I. Baldassare and others reevaluate excavations carried out between 1968 and 1989 in the western part of Portus’s necropolis in Isola Sacra, paying special attention to its development after c. 50 AD and to funeral rites. P. Olivanti and M. Spanu focus on the numerous graves in the spaces between the rows of more than 100 monumental family chamber tombs, mostly inhumations in fossae, a cappuccina, in amphorae, and in terracotta sarcophagi. L. Camilli and F. Taglietti deal with the so-called oboli Charontis placed in the mouth of the dead and with the purpose of coins found elsewhere in tombs. Their study is important in view of the lengthy circulation of small coins, often quadrantes. The same authors try to reconstruct the chaîne opératoire of building processes on the basis of 900 stamped bricks. None of the workshops involved have been found in Ostia so far. E. Borgia translates and comments on a tabella defixionis, a curse tablet found in a upright amphora that indicated a child burial, dated to c. 200 AD. Apart from the Latin name of the defigens, a certain Maximus, the inscription lists 29 Greek first names of men and women followed by the formula daimonizoo se PEROOO (‘I curse you PEROOO’). The last word is unique. It may be akin to peraoo (‘I perforate (you)’). L. Biondoli and P. Francesca Rossi show that the teeth and skeleton of a five or six years old (without earrings, therefore probably a boy) from a sarcophagus of the Muses of the Antonine period indicate that the child was already in bad health before birth. Interestingly, the inscription in the cartouche of one of two gold rings reads MYSTIK (not visible in fig. 17). The authors suggest that the deceased was initiated into the mysteries of Isis since they suppose that there was an Isaeum near the Fossa Traiana at Portus. However, S. Keay and L. Paroli (Portus and its hinterland. London 2011, 235-236) interpret the building as the schola of a collegium. In addition, the inscription may be an abbreviation of Mystikou (‘of Mystikos’), indicating the name of the owner (see Supplementum Epigraphicum Graecum 36, 1550).

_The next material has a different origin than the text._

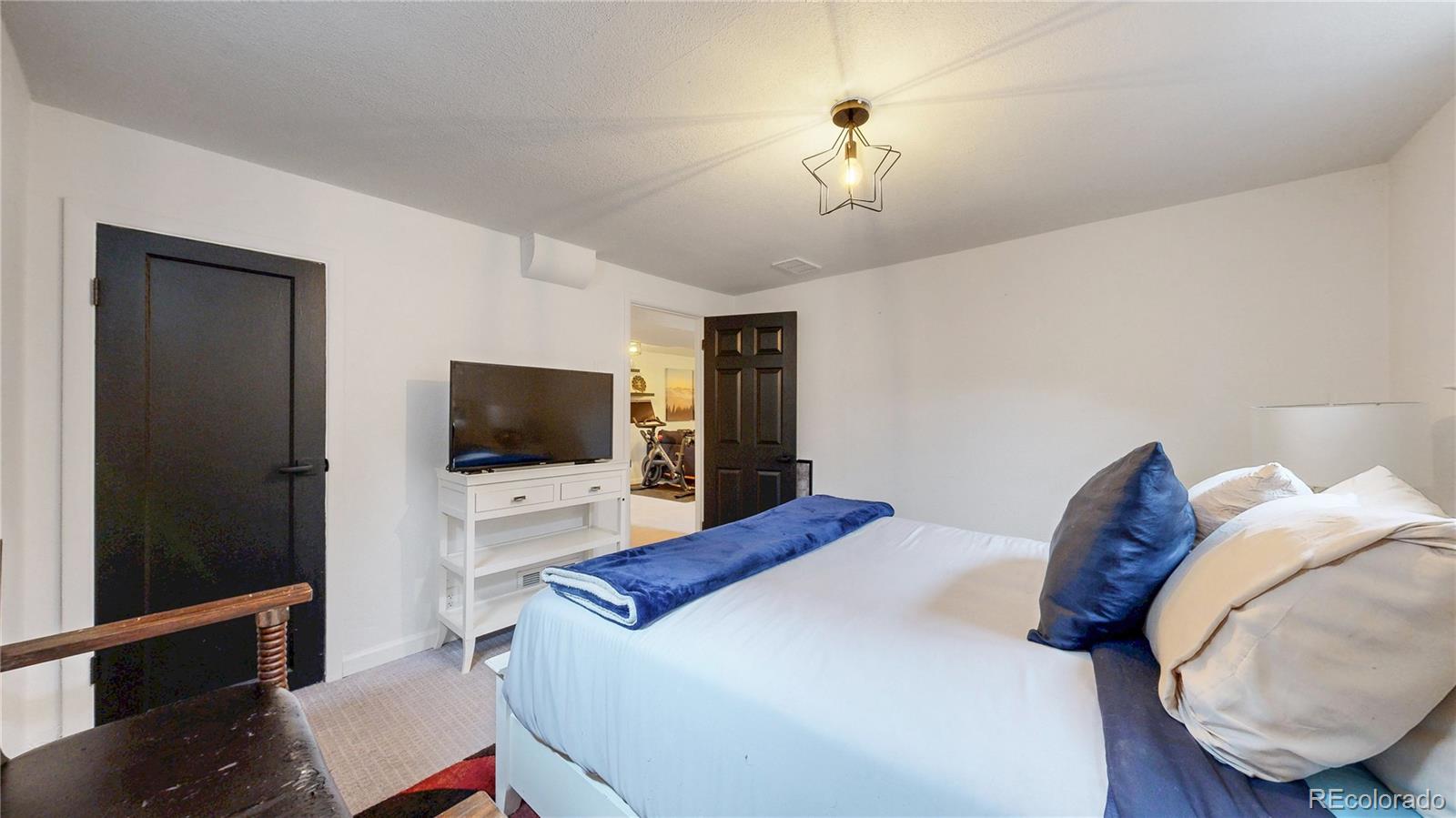 3155 Steele Street Denver, CO 80205 - Photo 21 of 37 a bedroom with a bed and a flat screen tv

P. Germoni and others present the results of recent geological and archaeological surveys in Isola Sacra, with the aim to protect cultural heritage. On this artificial island were discovered a north-south canal connecting the Fossa Traiana to the Tiber mouth havingthe same direction as the via Flavia to the west of it, as well as large warehouses enclosed by a defensive wall in the southern part of the island, just north of the Tiber. P. Turi deals with a peripheral cemetery in Via della Basilica di Sant’Ippolito, in use between c. 200 and 420 AD on a terrain that first harboured a Statio marmorum.
S. Pannuzi gives an extremely detailed account of the suburban region to the east of Ostia Antica, around the curve of the fiume morto (the former meander of the Tiber), along the lost Eastern Lagoon and the via Ostiense. Discovered were a cemetery, houses, workshops, stores, a furnace, and an agrarian zone. A. d’Andria and others report on geological and archaeological soundings in the southeastern suburban region. Germoni and others inform us on a section of the Pianabella necropolis (area 12). Inscriptions from there are discussed by M. Cébeillac-Gervasoni† and others, with an appendix by M. Bruno on the types of marbles bearing the texts. . A. Nava and others anthropologically analyze the cremated remains of Larcius Felix and Onesime. The results confirm the ages mentioned in the inscriptions on their urns. It appears that in the Pianabella cemetry, besides inhumation, incineration was still practiced in the third century AD. Spoliation started in the same period, due to the economic crisis.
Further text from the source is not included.